Zuckerberg’s blatant admission, a moment of “saying the quiet part out loud,” reveals why rabid Zionists like Adelson, tech moguls like Zuckerberg, Bezos, and Gates, and a myriad of mega-financiers, stock traders, and businessmen have united to sponsor Trump’s re-election and buy their way into inauguration balls and parties where they can rub shoulders with Trump and his coterie: they are trusting Trump to defend their interests as the chief executive of the largest capitalist empire on the planet.

Crushing Chinese competition

During his first administration, Trump waged a trade war and demonization campaign against China intended to cut Chinese companies off from major markets, most especially the U.S. market. Under Trump and his predecessor Joe Biden, Americans were effectively banned from buying from hundreds of Chinese tech firms, including global leaders like Huawei, Tencent, Xiaomi, and the Semiconductor Manufacturing International Corporation. U.S. defense analysts also identified Chinese companies taking the lead in artificial intelligence research — part of a state-directed program to turn China into an AI powerhouse by 2030 — as part of the strategic threat China supposedly poses to the United States.

In his second administration, Trump has pledged to implement strong tariffs against Chinese imports. While the decrease in purchases will definitely hurt Chinese companies that sell in the U.S., the real victims of this policy will be American buyers, for whom prices on those goods will go up even more than they already are.

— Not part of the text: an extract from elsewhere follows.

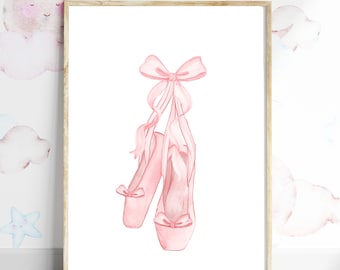 Ballerina Shoes Wall Art Pink Nursery Decor Ballet Slippers Print Girls Room Decor Ballerina Wall Print Little Dancer Art Ballerina Poster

The impending ban on TikTok, variously rationalized by U.S. lawmakers as a crackdown on the spread of pro-Palestine and pro-LGBTQ content or supposed “national security” concerns about data collected on the app, is just the latest part of this drive.

Only the people can stand up to the billionaires

Regardless of the excuses given or the party in the White House, the point is the same: to protect American businesses from foreign competition, most especially from China. The richest people in the country have entrusted Trump with the task of managing this competition in a way that protects their profits, and this is the only purpose behind their decision to pour money into Trump’s campaign and presidential inaugural committee. They expect a strong return on their investments.

Trump’s second administration promises to be an all-out war on the working people of America and the planet as it seeks to help billionaires loot the public treasury and maximize their profits at our expense. More than ever it is clear that working and oppressed people must unite to fight this effort and to reject every attempt at division they attempt to sow among us. The ruling class doesn’t have us outnumbered, they just have us out-organized.